Le cas de Louisa Brohm, mère de famille de 34 ans, a fortement intéressé les lecteurs de Blick des deux côtés de la Sarine. Vous avez été nombreux à lire le témoignage de cette Lucernoise dont les frais de garde de ses deux enfants ont explosé en raison de l'endettement de sa commune. Avec ses 30'000 habitants, Kriens est d'une taille comparable à Sion ou Fribourg.
Comme nous vous l'expliquions jeudi, la commune de Suisse centrale n'a vraiment pas brillé dans la gestion de ses deniers publics. Elle a aligné les exercices déficitaires, au point d'accumuler une montagne de dettes s'élevant actuellement à 200 millions de francs. Et comme les habitants n'ont pas voulu entendre parler d'une augmentation d'impôts, la ville doit désormais se serrer la ceinture et réduire les prestations. Les premiers habitants menacent de s'en aller sous des cieux moins endettés.
200'000 francs de dette par habitant!
Au fond, comment une ville peut-elle se retrouver en faillite? C'est la question que beaucoup de lectrices et lecteurs se sont posée. Nous avons sollicité les lumières de Christoph Schaltegger, 50 ans, économiste à l'Université de Lucerne. Celui-ci évoquait jeudi le cas de Leukerbad, station thermale du Haut-Valais que les Romands connaissent plutôt sous le nom de Loèche-les-Bains.
«Il s'agit bien de la seule commune jusqu'ici à avoir été déclarée insolvable», confirme le directeur de l'Institut de politique économique suisse. À la fin des années 1990, les finances communales ont plié sous le poids de l'endettement. Une situation provoquée par des investissement douteux et des participations financières à des projets d'infrastructure en faveur du tourisme locale. La dette totale envers les créanciers a culminé à 350 millions de francs, soit environ 200'000 francs par habitant!
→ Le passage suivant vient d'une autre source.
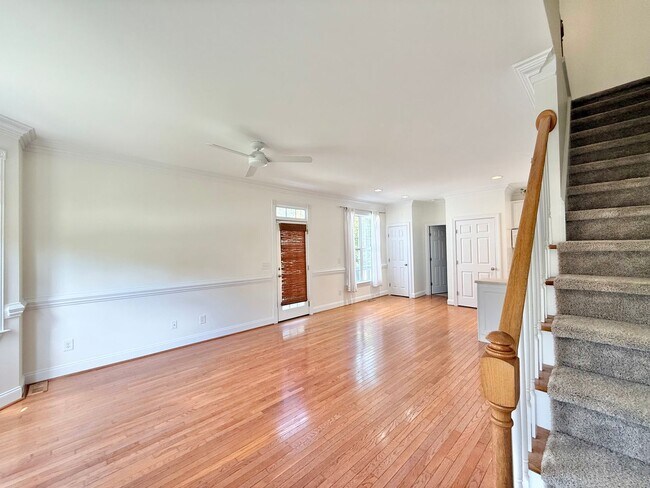 Foto del edificio - **OFFERING WAIVED APPLICATION FEES & $100 ...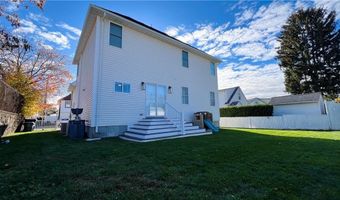41 Follett St, East Providence, RI 02914
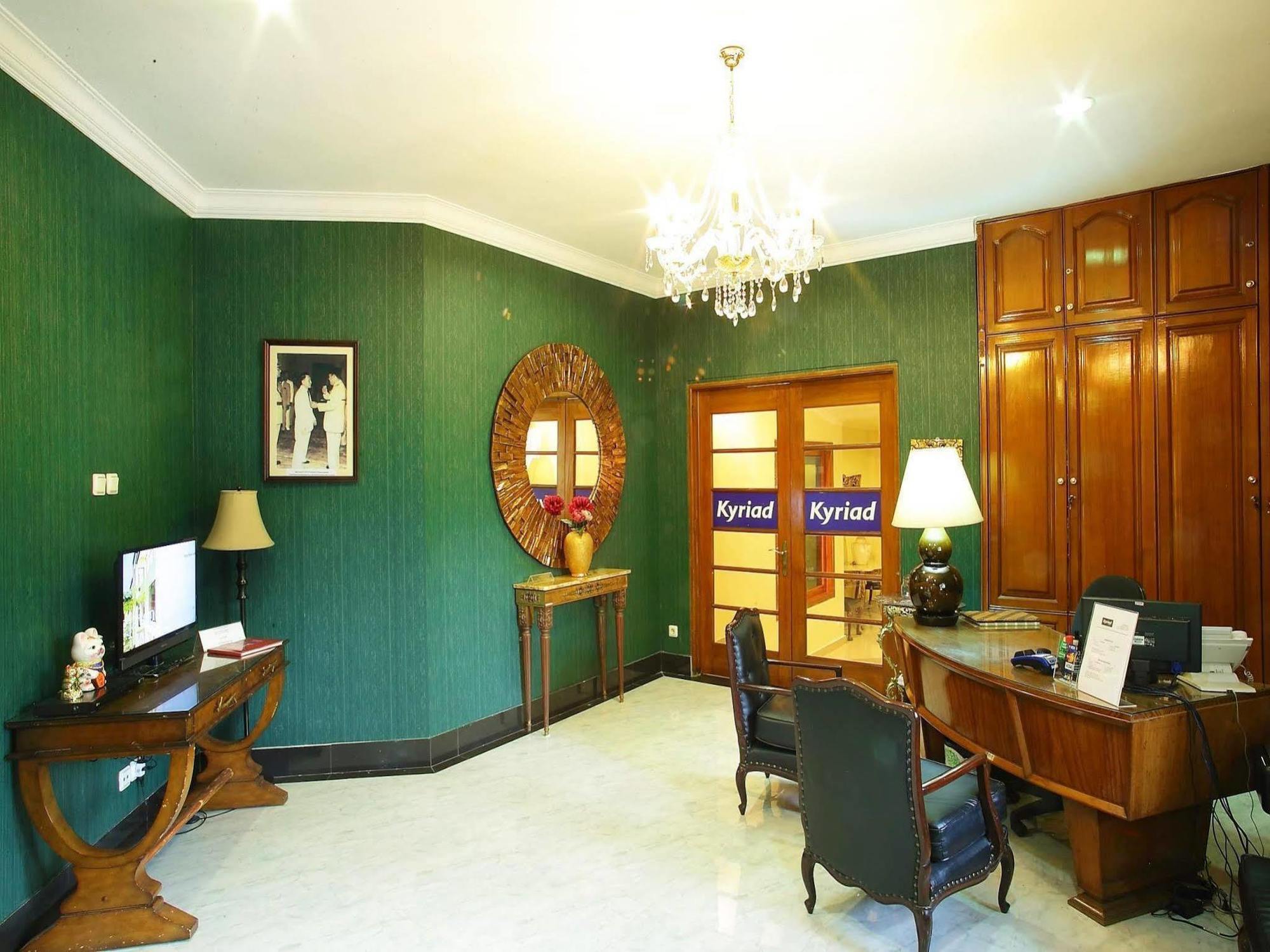 Arimbi Pejaten Hotel 3*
Un fardeau tel qu'un assainissement durable était utopique. Les parties impliquées se sont mises d'accord sur un concept d'assainissement, validé en 2003. Et celui-ci a exigé des créanciers des concessions considérables. «C'est ce que prévoit le droit suisse dans sa procédure d'insolvabilité pour les communes, explique Christophe Schaltegger. Dans cette situation, on nomme un administrateur judiciaire. Celui-ci a pour mission de dégager le plus de fonds possible pour pouvoir rembourser les créanciers.»
Pas de sauvetage du canton
Cette loi existe encore aujourd'hui et ces règles seraient également appliquées à Kriens si la commune située au pied du Mont Pilatus venait à faire faillite. Quid du canton de Lucerne? Il n'est pas responsable des manquements financiers de la Ville, fût-elle la troisième du canton. Dans le cas de Loèche-les-Bains, cela a été confirmé par le Tribunal fédéral.
En 2003, les juges de Mon-Repos ont rejeté plusieurs plaintes adressées au canton du Valais. Certains créanciers réclamaient que l'État — le canton, donc — vienne à leur secours dans le cadre d'un «bail-out», a savoir une action de sauvetage. Les contribuables cantonaux n'ont pas à assumer les dettes créées par une commune devenue insolvable, a tranché la plus haute juridiction du pays.